They are offering five dates on their first outing including Oct 3-5, Eastbourne, The Grove Theatre; Oct 7, Uckfield College Theatre; Oct 19, Brighton’ Lantern Theatre; Oct 20, Lewes’ All Saints Centre; and Oct 28, Rottingdean Village Hall. Tickets are now available from rabbitinheadlights.co.uk.
The production features six actors with extensive experience of stage and screen: Abi Mcloughlin, Neil James, Sharon Drain, Katina Thomas, Michael Bucke and Jodie Kenison.
Rabbit in Headlights Productions has been set up by husband-and-wife team Jon and Sue Terry. Jon is producing; Sue is directing.
“I sold my business just before lockdown,” Jon explains, “but I had always done a lot of amateur theatre work.
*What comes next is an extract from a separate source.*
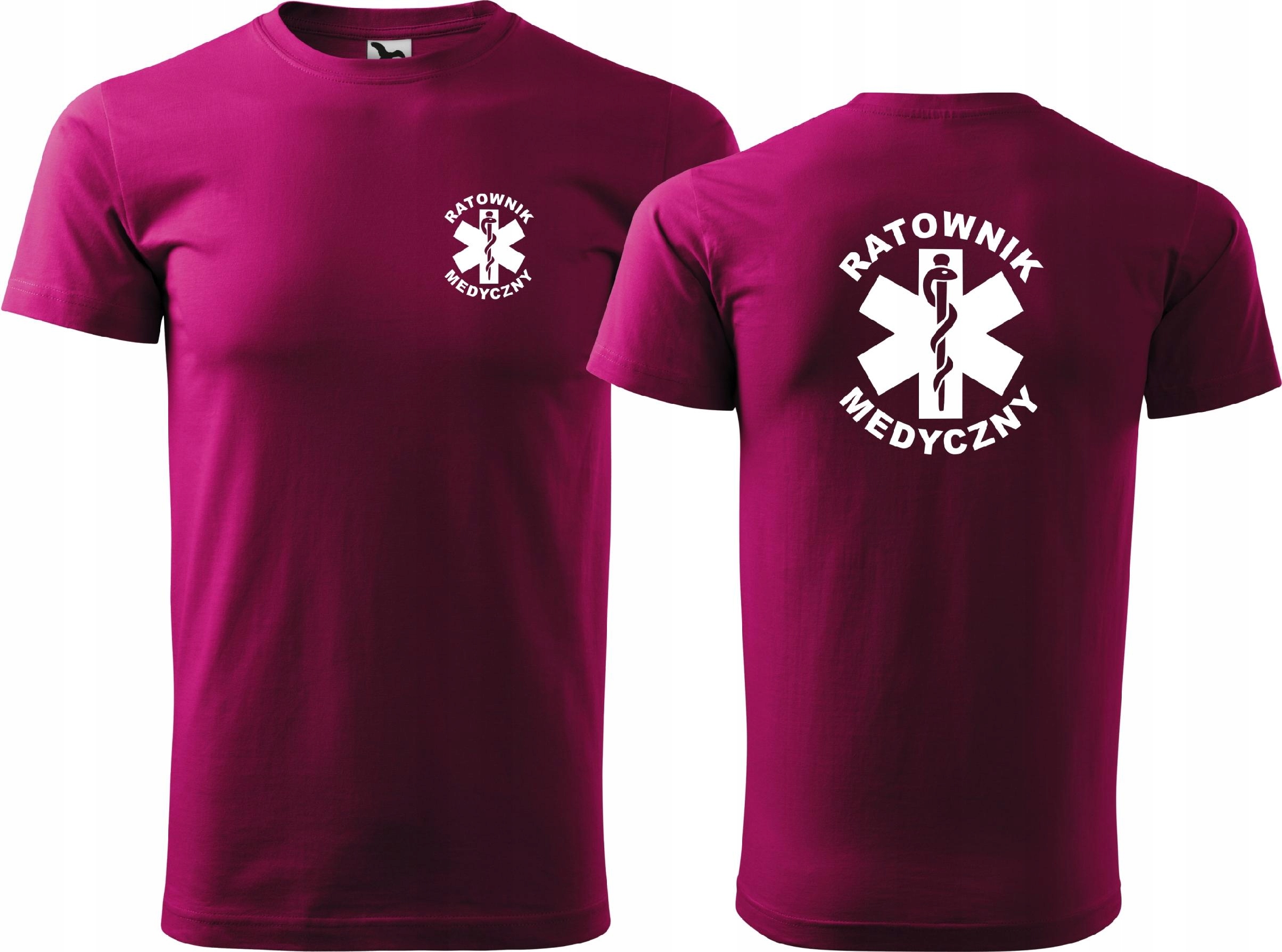 

Koszulka medyczna t-shirt Ratownik Medyczny r. 4XL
The idea was that I would sell my accountancy business and become a professional actor. I'm 55 and I decided it was a good time. I could see that accountancy was increasingly going online for a lot of the type of clients that I had and it just felt the right moment. I got a good offer and I was pleased to pass it over. I've been doing amateur productions for many, many years and it had always been a passion and a hobby. I just enjoy the whole process, the social side of working with other actors and the line learning and also delivering those lines in front of an audience and just the whole experience being so rewarding. So I started with the aim of becoming a professional actor and I'm lucky enough to have worked a lot. I did six plays last year and I've done a couple this year. A lot of it has been local theatre but it has been paid theatre. And so we decided to set up this company. The expression rabbit in the headlights is an expression that people use to describe terrified actors on stage. That won't be us! But it just seemed like a jokey name that would stick in people's minds. We're starting relatively small but our goals are to work to put theatre on stage and bring theatre into schools and education and also to work with businesses. We're starting off with a small tour of Animal Farm and we've got five venues this October and then going forward we would hope to get bigger.
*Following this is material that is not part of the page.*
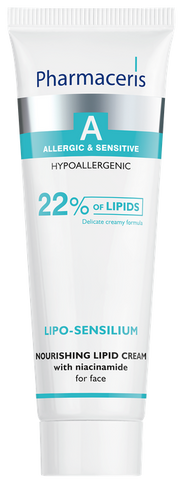 PHARMACERIS A Sensilium Niacinamīdu sejas krēms ar 22% lipīdiem, 50 ml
“Animal Farm is a story that I've always loved and I was talking to a friend of mine who’s also very passionate about it. He is in fact writing a sequel to Animal Farm at the moment and he persuaded me that it would be a good idea to do it. It is on the GCSE syllabus and that's give us an opportunity to work in schools as well which is great. The performance promises not only to entertain but also to challenge and provoke thought. Drawing parallels between Orwell's masterpiece and contemporary society, our production serves as a poignant reminder of the enduring relevance of the tale.” The aim is perhaps to do three or four productions a year.